As palavras do padre que causaram a revolta.
Tudo começou em 27 de julho do ano passado, pouco depois da morte de Preta Gil. Durante uma missa transmitida ao vivo pela internet, na Paróquia de São José, na pequena cidade de Areial, na Paraíba, o padre Danilo César usou o púlpito de uma forma chocante. Em vez de consolar, ele zombou da morte da artista, que lutava contra um câncer colorretal e morreu nos Estados Unidos. Não parando por aí, o religioso atacou abertamente religiões de matriz afro-indígena.
Em um trecho que causou grande indignação, o padre disse:
"Gilberto Gil fez uma oração aos orixás, cadê esses orixás que não ressuscitaram Preta Gil? Já enterraram?".
A intolerância não ficou restrita aos comentários sobre Preta Gil. O padre também mirou nos fiéis da sua própria região que frequentavam terreiros em cidades vizinhas, como Puxinanã e Pocinhos, ambas na Paraíba. Ele se referiu à fé dessas pessoas como "coisas ocultas" e chegou a desejar que "o diabo levasse" quem praticasse tais crenças, completando que essas pessoas deveriam acordar "com calor no inferno".

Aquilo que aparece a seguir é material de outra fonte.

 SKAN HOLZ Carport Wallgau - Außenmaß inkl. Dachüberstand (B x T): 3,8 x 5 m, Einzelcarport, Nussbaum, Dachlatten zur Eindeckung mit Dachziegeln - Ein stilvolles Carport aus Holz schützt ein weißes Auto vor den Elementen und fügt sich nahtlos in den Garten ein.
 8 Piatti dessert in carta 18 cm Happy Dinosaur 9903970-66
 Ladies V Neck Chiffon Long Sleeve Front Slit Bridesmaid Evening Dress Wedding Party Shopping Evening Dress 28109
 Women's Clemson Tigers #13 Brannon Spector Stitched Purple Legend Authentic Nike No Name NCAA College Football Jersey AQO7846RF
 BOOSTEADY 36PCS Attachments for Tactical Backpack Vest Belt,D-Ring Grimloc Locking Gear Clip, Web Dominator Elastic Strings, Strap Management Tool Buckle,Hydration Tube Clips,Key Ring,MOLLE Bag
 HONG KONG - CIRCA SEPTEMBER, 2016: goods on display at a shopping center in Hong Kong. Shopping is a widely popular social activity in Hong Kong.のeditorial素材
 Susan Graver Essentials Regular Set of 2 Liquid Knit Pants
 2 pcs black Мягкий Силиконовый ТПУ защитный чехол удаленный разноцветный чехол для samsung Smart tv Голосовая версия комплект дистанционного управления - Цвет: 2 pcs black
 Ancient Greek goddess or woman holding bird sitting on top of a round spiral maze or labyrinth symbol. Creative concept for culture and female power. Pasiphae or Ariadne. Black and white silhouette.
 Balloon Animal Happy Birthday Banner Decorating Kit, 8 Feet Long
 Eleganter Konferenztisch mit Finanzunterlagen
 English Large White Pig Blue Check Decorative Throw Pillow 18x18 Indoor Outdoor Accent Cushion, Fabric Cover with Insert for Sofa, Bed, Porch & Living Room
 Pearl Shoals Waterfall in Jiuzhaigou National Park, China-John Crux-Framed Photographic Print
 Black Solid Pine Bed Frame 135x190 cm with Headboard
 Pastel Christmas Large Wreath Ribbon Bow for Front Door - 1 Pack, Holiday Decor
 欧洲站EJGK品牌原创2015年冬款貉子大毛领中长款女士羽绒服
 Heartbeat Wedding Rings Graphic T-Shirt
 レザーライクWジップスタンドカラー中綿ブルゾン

O acordo na esfera criminal e o silêncio.
Para escapar de um julgamento criminal, o padre Danilo César assinou, em fevereiro deste ano, um Acordo de Não Persecução Penal (ANPP) com o Ministério Público Federal (MPF). Esse acordo estabeleceu uma série de medidas educativas, digamos assim.
- Ele teve que pagar uma multa de quase R$ 5 mil, destinada a uma entidade afrodescendente.
- Foi obrigado a cumprir 60 horas de cursos sobre combate à intolerância religiosa.
- A Justiça exigiu que ele escrevesse, à mão, resenhas de livros e documentários focados na cultura afro-brasileira e no racismo, com prazo de entrega até junho.
O acordo ainda incluía a participação do sacerdote em um ato inter-religioso, que contaria com a presença de familiares de Gilberto Gil. No entanto, durante o encontro, que aconteceu em 6 de fevereiro, o padre optou por manter um "silêncio absoluto", sem se manifestar.
A busca por reparação na Justiça Cível
Apesar do acordo criminal, a família de Preta Gil deixou claro que não vai recuar. Eles continuam firmes na ação civil, buscando não apenas a indenização financeira, mas também uma retratação pública e uma reparação social que considerem adequadas. A defesa da família aponta uma clara incoerência na postura do padre, que se calou em um momento crucial após ter sido tão veemente em suas ofensas.
A luta da família de Preta Gil vai além de um caso individual; ela destaca a importância de combater a intolerância religiosa e defender o respeito às diversas manifestações de fé em nosso país.